*What is expected*.
Since the records include pictures, leave those out while you reproduce exactly and only the lines from the one containing "Scar Reduction and" through the one containing "size and number.", inclusive.

*Exercise materials*.
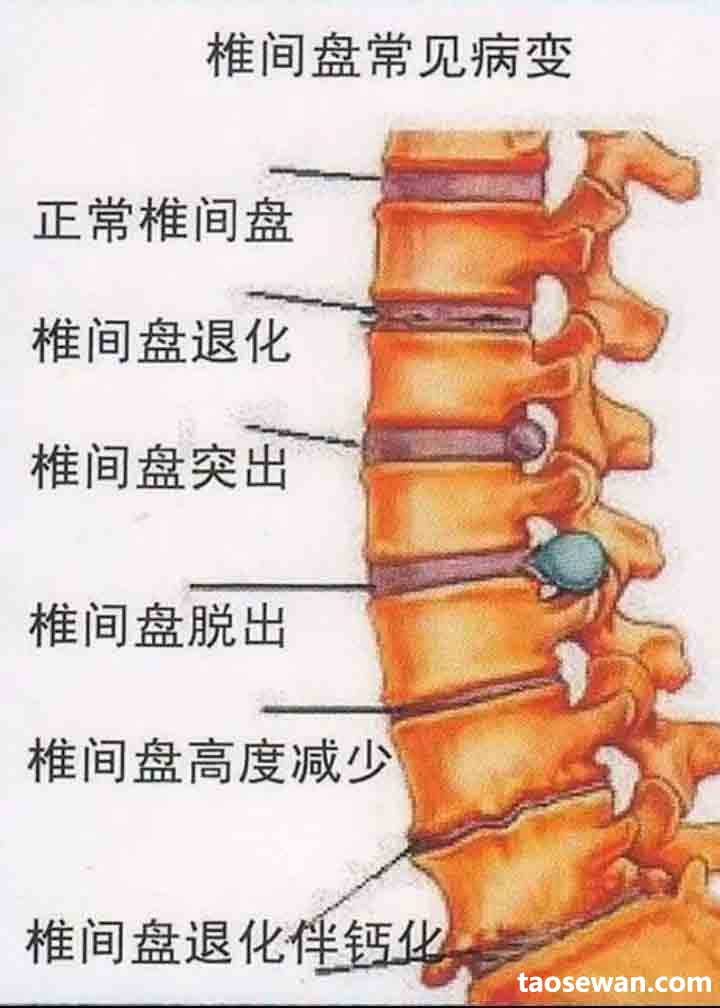 002859egii4cuccyniqxgx.jpg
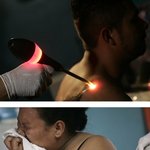 취업을 위해 <b>문신</b>을 제거해야만해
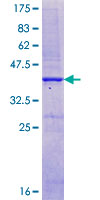 SDS-PAGE - Recombinant Human CaSR protein (GST tag N-Terminus) (AB114274)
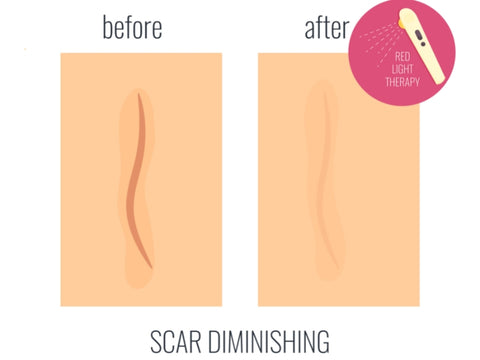 Scar Reduction and Removal with Microneedling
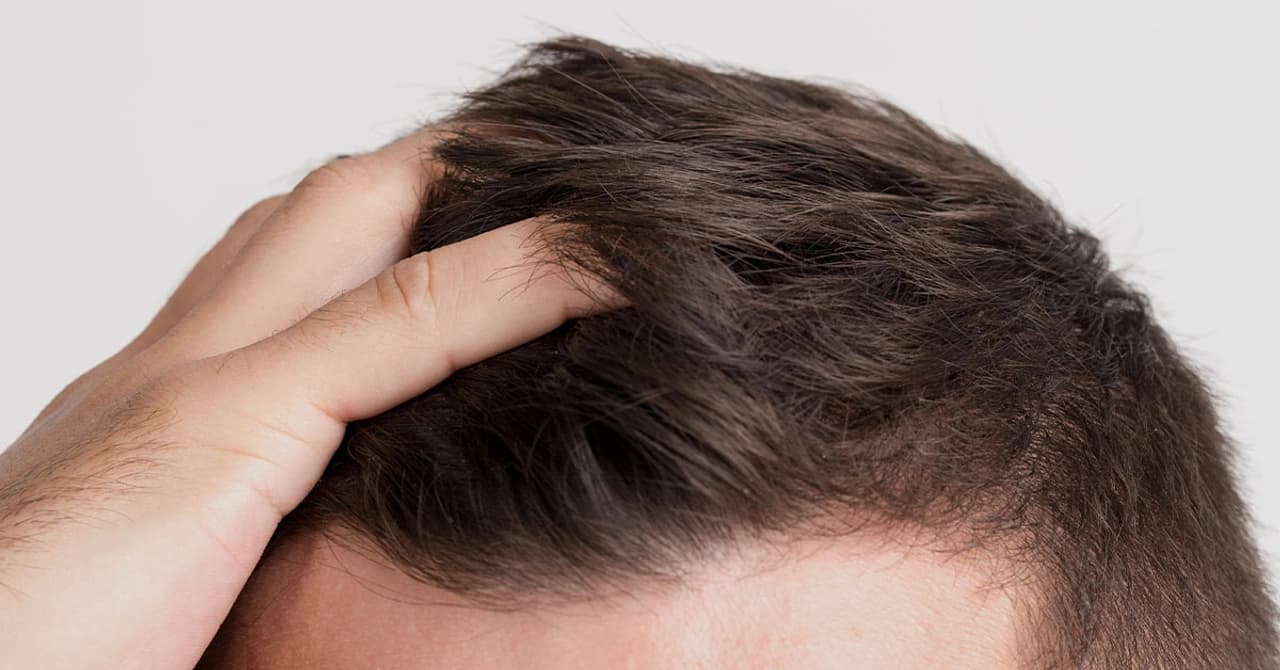 FUE Hair Transplant Effectiveness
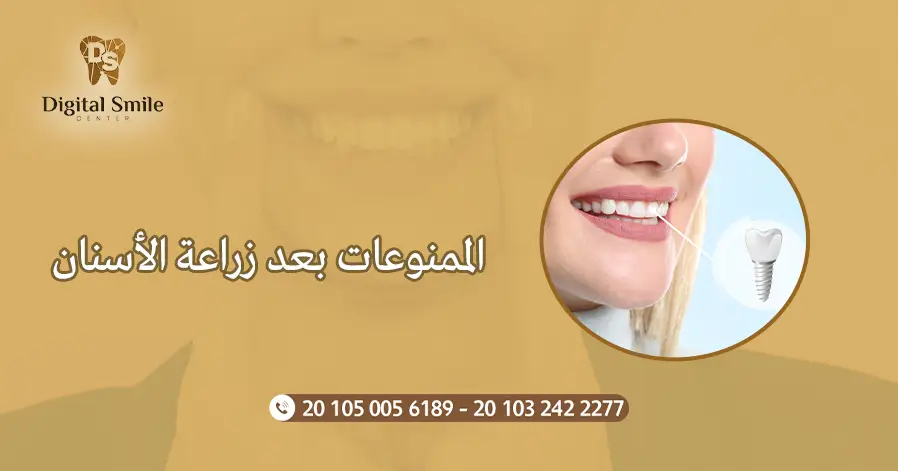 الممنوعات بعد زراعة الأسنان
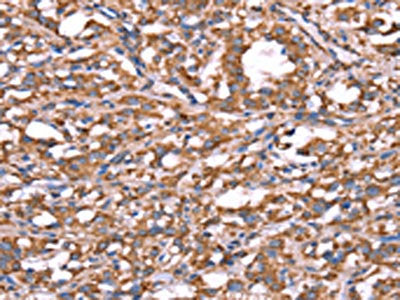 The image on the left is immunohistochemistry of paraffin-embedded Human thyroid cancer tissue using CSB-PA162393(SPAST Antibody) at dilution 1/20, on the right is treated with synthetic peptide. (Original magnification: ×200)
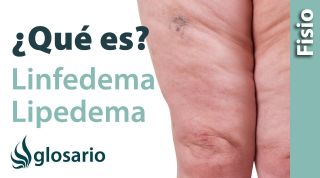 LINFEDEMA Y LIPEDEMA | ¿Qué son?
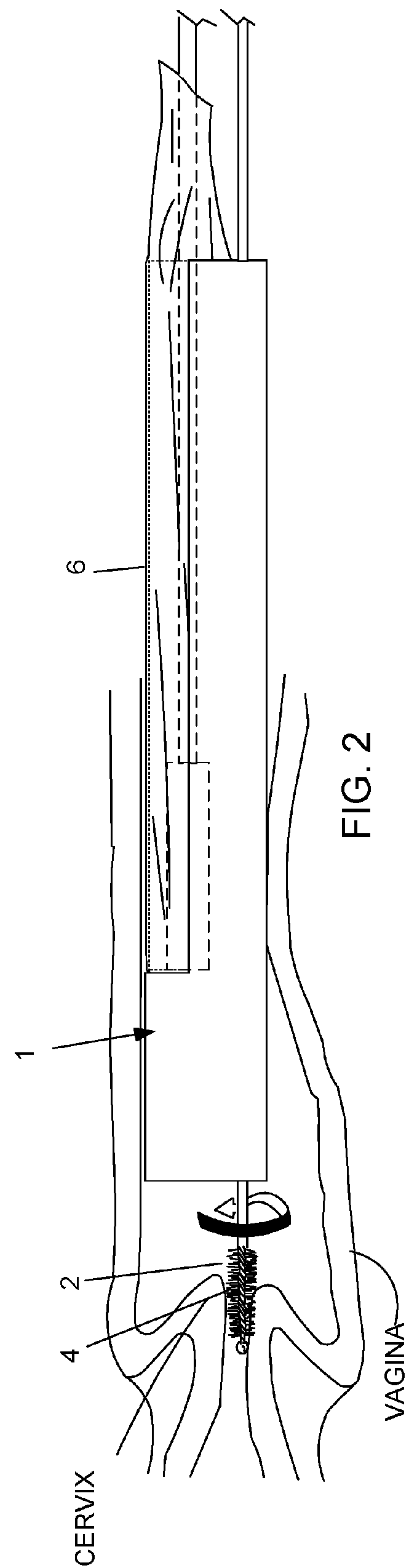 Device and method for conducting a pap smear test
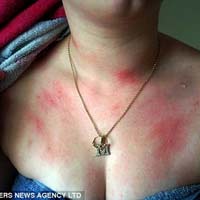 Sức khỏe đời sống - Dị ứng mùa nóng, chữa thế nào?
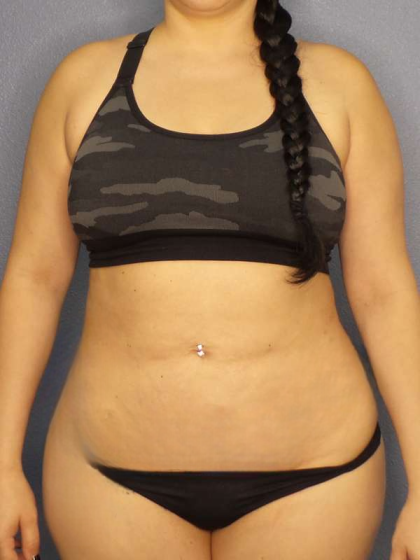 Liposuction Female Before & After Patient #8035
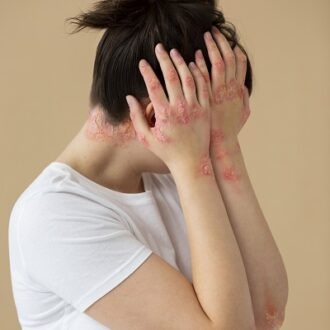 Reclaiming Your Complexion: The Art Of Treating Actinic Keratosis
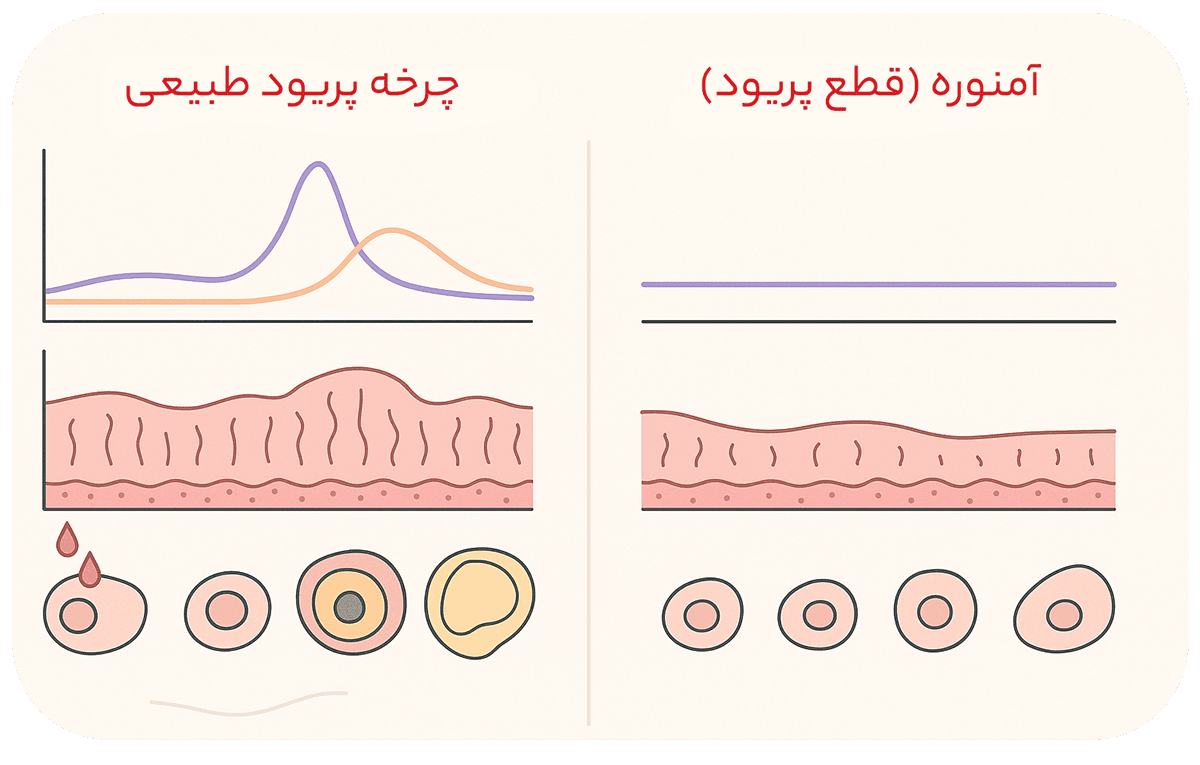 مقایسه چرخه قاعدگی طبیعی با آمنوره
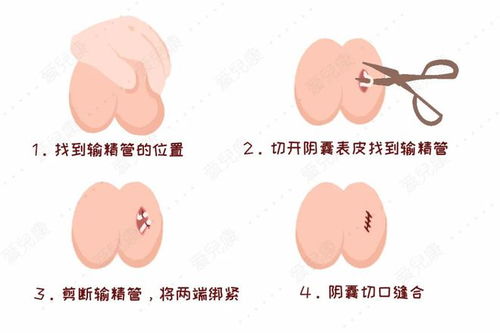 做了结扎手术还需要避孕吗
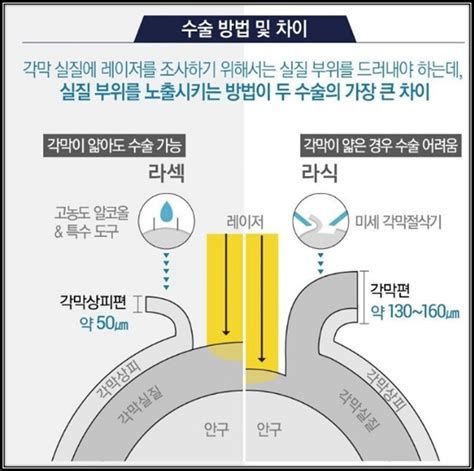 라식 수술이 가능한 나이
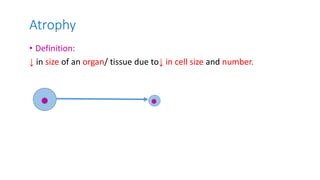 Atrophy
• Definition:
↓ in size of an organ/ tissue due to↓ in cell size and number.
 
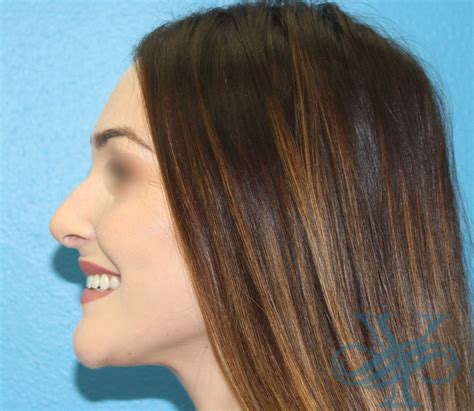 Rhinoplasty Case 3780 - Sara Yegiyants MD FACS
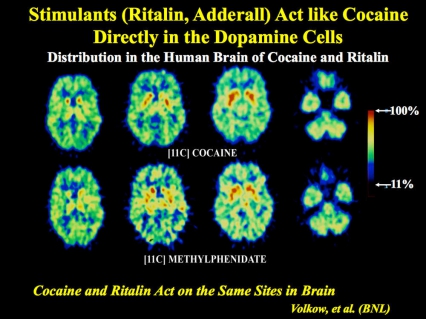 Brain scan images. Stimulants (Ritalin, Adderall) Act like Cocaine Directly in the Dopamine Cells. Distribution in the Human Brain of Cocaine and Ritalin.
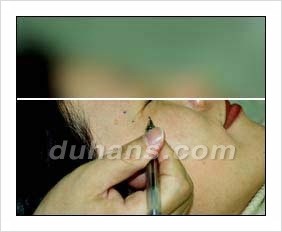 ​[두한성형외과 안티에이징] - [보톡스, 필러, 지방이식을 이용한 주름개선] 관련 이미지 2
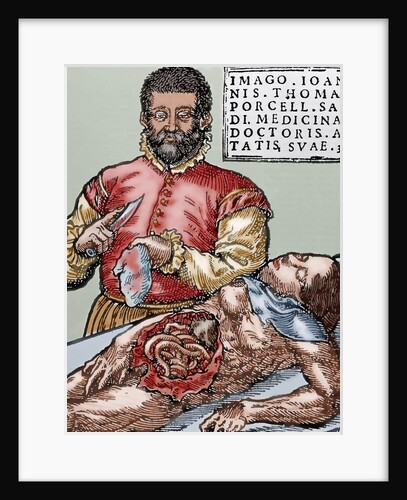 John Thomas Porcell (1528-ca.1580). Spanish doctor by Anonymous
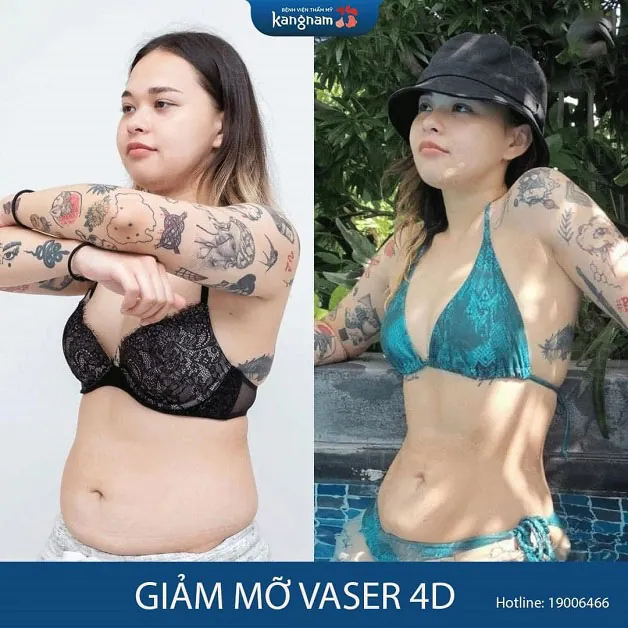 Khách hàng thực hiện giảm mỡ Vaser 4D tại Kangnam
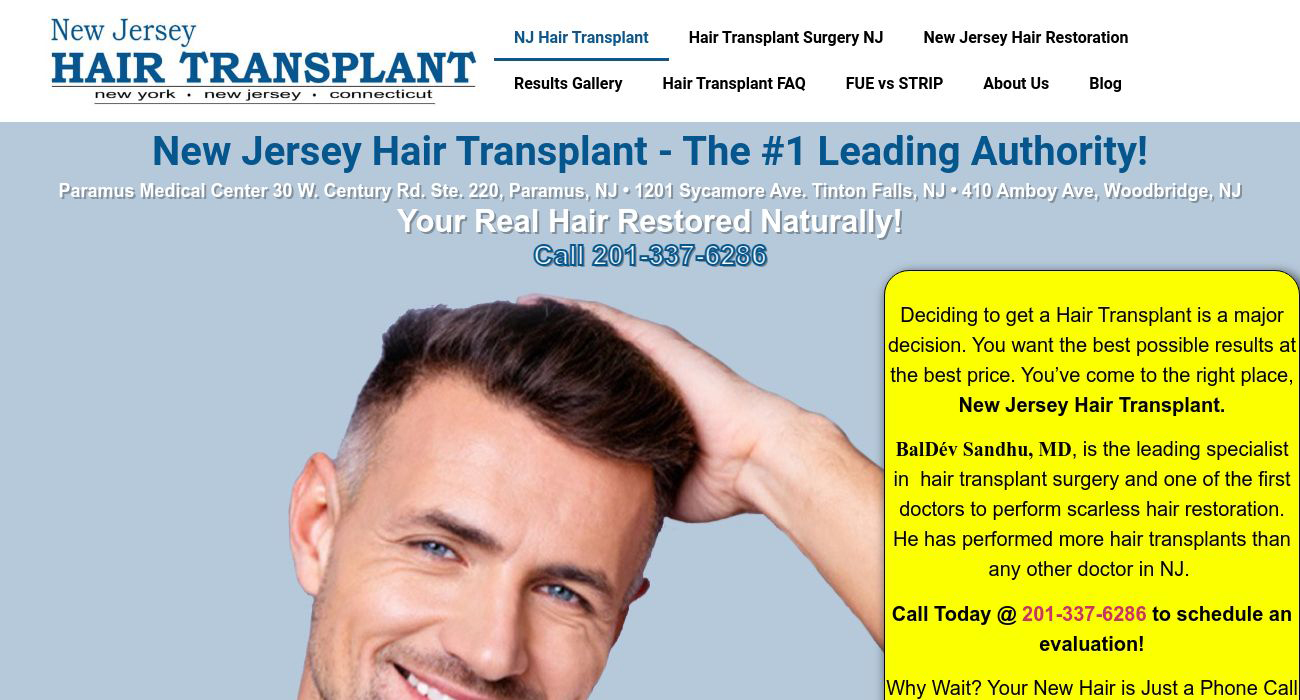 New Jersey Hair Transplant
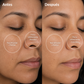 PMD Clean Mini | Cepillo Facial de Silicona para Limpieza Profunda y Rejuvenecimiento Facial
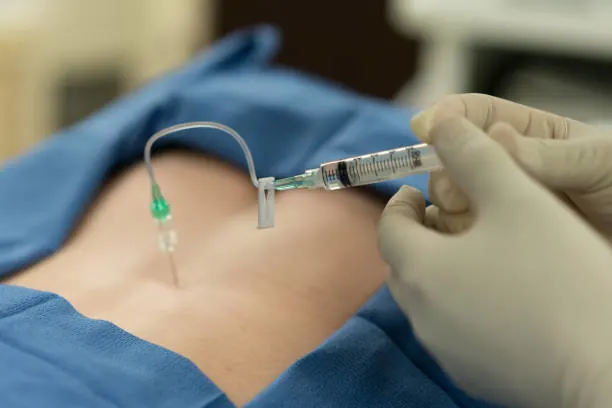 Nerve Blocks & Regional Anesthesia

*Solution to this problem*.
 Scar Reduction and Removal with Microneedling
 FUE Hair Transplant Effectiveness
 الممنوعات بعد زراعة الأسنان
 The image on the left is immunohistochemistry of paraffin-embedded Human thyroid cancer tissue using CSB-PA162393(SPAST Antibody) at dilution 1/20, on the right is treated with synthetic peptide. (Original magnification: ×200)
 LINFEDEMA Y LIPEDEMA | ¿Qué son?
 Device and method for conducting a pap smear test
 Sức khỏe đời sống - Dị ứng mùa nóng, chữa thế nào?
 Liposuction Female Before & After Patient #8035
 Reclaiming Your Complexion: The Art Of Treating Actinic Keratosis
 مقایسه چرخه قاعدگی طبیعی با آمنوره
 做了结扎手术还需要避孕吗
 라식 수술이 가능한 나이
 Atrophy
• Definition:
↓ in size of an organ/ tissue due to↓ in cell size and number.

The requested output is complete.